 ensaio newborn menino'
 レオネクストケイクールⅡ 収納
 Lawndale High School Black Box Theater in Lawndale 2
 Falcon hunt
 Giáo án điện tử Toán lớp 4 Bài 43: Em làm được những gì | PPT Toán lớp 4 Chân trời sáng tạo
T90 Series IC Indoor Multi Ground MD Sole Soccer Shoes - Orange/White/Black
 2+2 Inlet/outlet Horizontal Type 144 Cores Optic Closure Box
--
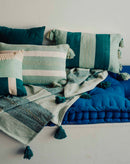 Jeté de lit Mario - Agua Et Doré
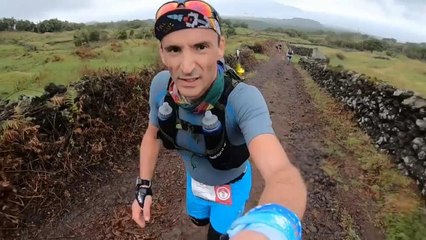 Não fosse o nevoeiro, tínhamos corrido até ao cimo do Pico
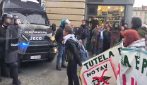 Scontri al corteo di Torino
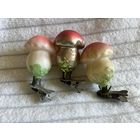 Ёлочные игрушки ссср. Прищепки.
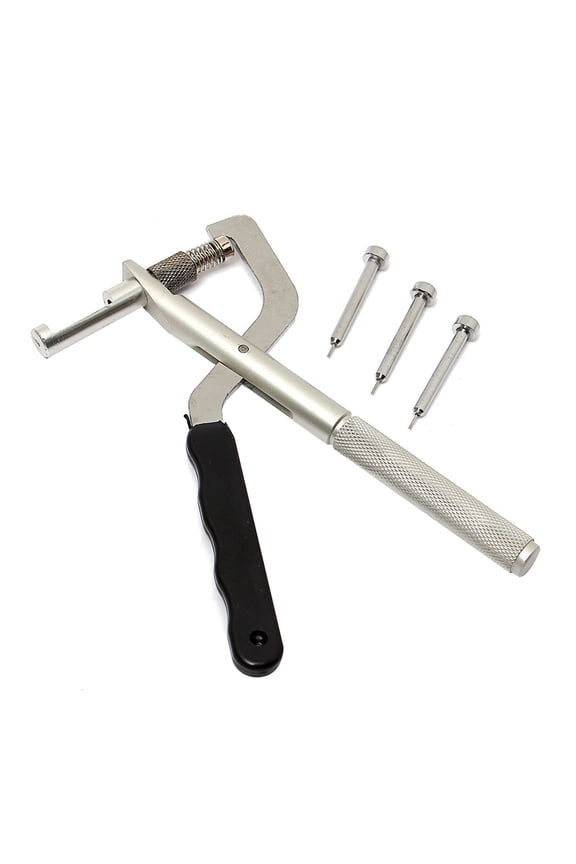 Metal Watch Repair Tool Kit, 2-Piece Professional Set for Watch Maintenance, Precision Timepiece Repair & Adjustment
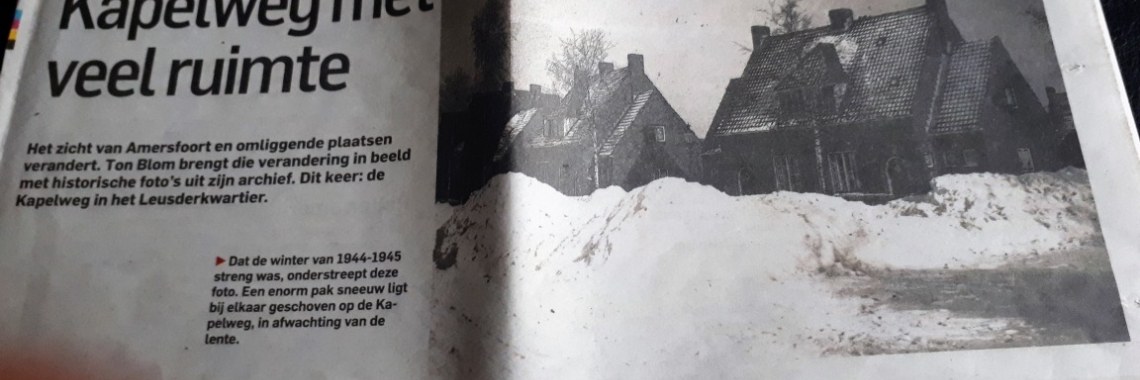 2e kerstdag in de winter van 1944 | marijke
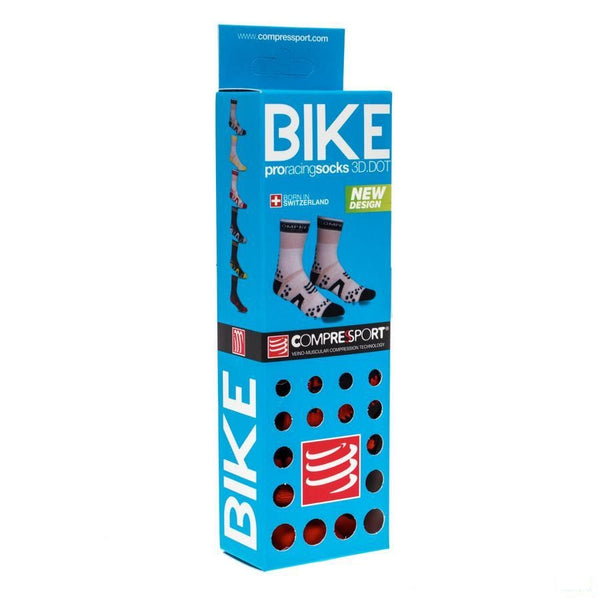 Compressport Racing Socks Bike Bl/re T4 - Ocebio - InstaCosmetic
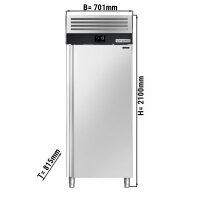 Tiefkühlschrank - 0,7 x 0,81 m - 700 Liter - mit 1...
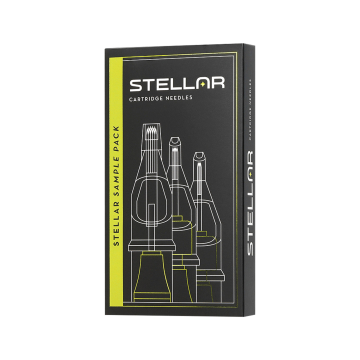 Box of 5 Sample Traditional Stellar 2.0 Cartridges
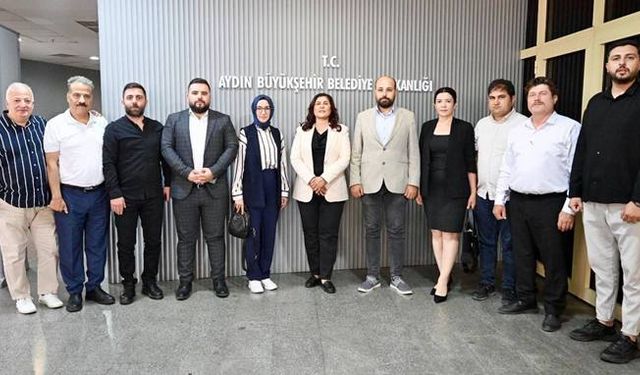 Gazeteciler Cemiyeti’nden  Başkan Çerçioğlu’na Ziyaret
==
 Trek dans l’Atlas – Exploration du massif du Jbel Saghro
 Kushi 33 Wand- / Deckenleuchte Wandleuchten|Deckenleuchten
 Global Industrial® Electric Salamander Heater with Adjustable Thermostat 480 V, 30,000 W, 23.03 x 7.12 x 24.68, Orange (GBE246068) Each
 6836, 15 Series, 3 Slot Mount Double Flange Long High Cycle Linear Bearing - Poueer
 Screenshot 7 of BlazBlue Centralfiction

### Instructions for the task
Retype exactly the lines above, from the one with "T90 Series IC" through the one with "2+2 Inlet/outlet Horizontal", inclusive.

### Exercise output
T90 Series IC Indoor Multi Ground MD Sole Soccer Shoes - Orange/White/Black
 2+2 Inlet/outlet Horizontal Type 144 Cores Optic Closure Box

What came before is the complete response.